*** Data provided Section Begins ***

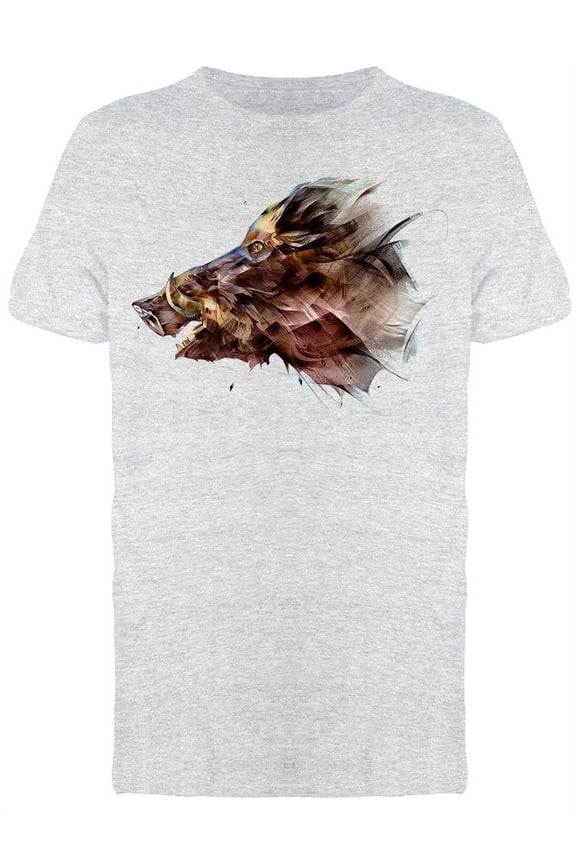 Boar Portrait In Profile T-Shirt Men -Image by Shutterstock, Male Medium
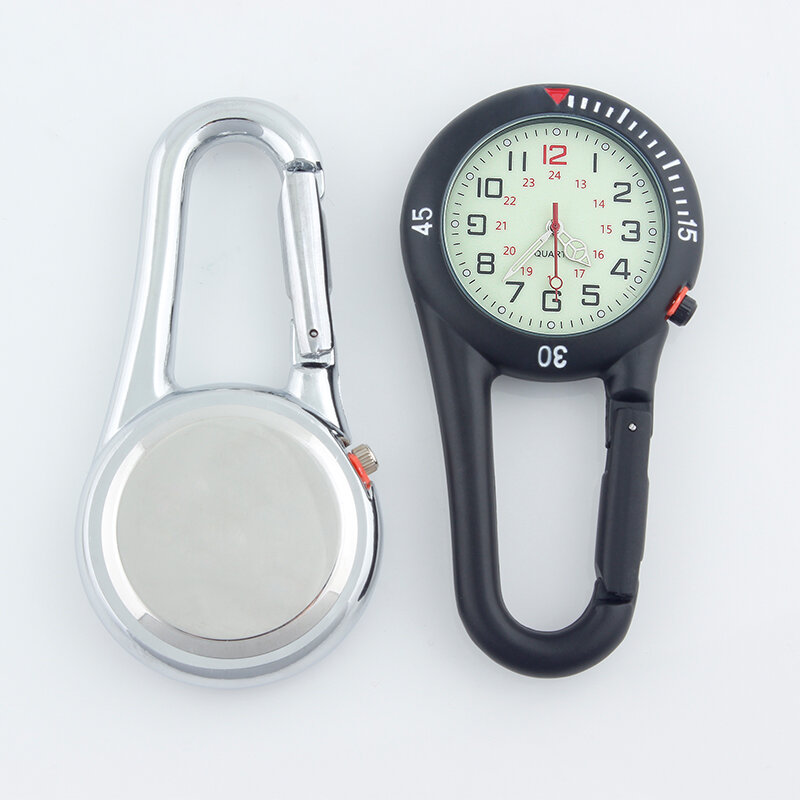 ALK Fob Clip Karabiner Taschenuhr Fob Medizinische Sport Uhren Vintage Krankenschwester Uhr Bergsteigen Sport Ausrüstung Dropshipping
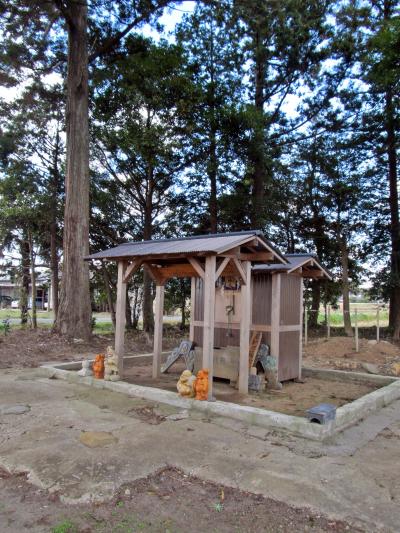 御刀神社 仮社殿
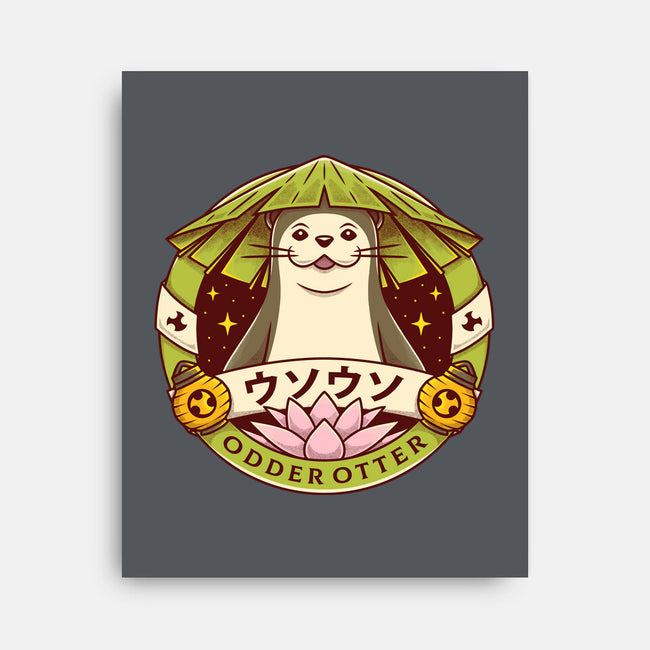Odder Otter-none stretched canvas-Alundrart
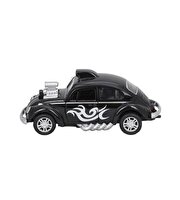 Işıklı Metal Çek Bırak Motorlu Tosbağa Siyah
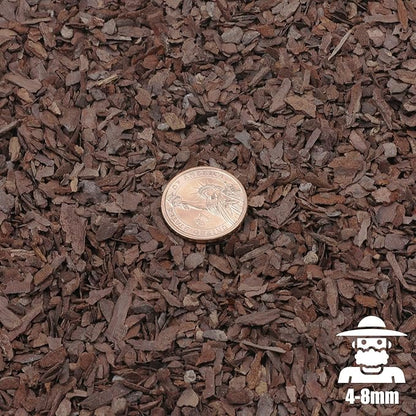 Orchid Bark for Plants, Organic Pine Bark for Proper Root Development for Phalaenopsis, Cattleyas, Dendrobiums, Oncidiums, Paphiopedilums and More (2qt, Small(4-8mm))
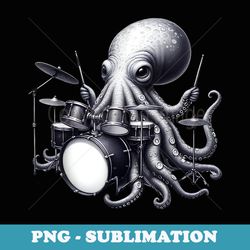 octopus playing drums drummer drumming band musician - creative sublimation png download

*** Data provided Section Ends ***

Type out each line of the records above exactly, skipping any pictures.

_Answer section_
 Boar Portrait In Profile T-Shirt Men -Image by Shutterstock, Male Medium
 ALK Fob Clip Karabiner Taschenuhr Fob Medizinische Sport Uhren Vintage Krankenschwester Uhr Bergsteigen Sport Ausrüstung Dropshipping
 御刀神社 仮社殿
Odder Otter-none stretched canvas-Alundrart
 Işıklı Metal Çek Bırak Motorlu Tosbağa Siyah
 Orchid Bark for Plants, Organic Pine Bark for Proper Root Development for Phalaenopsis, Cattleyas, Dendrobiums, Oncidiums, Paphiopedilums and More (2qt, Small(4-8mm))
 octopus playing drums drummer drumming band musician - creative sublimation png download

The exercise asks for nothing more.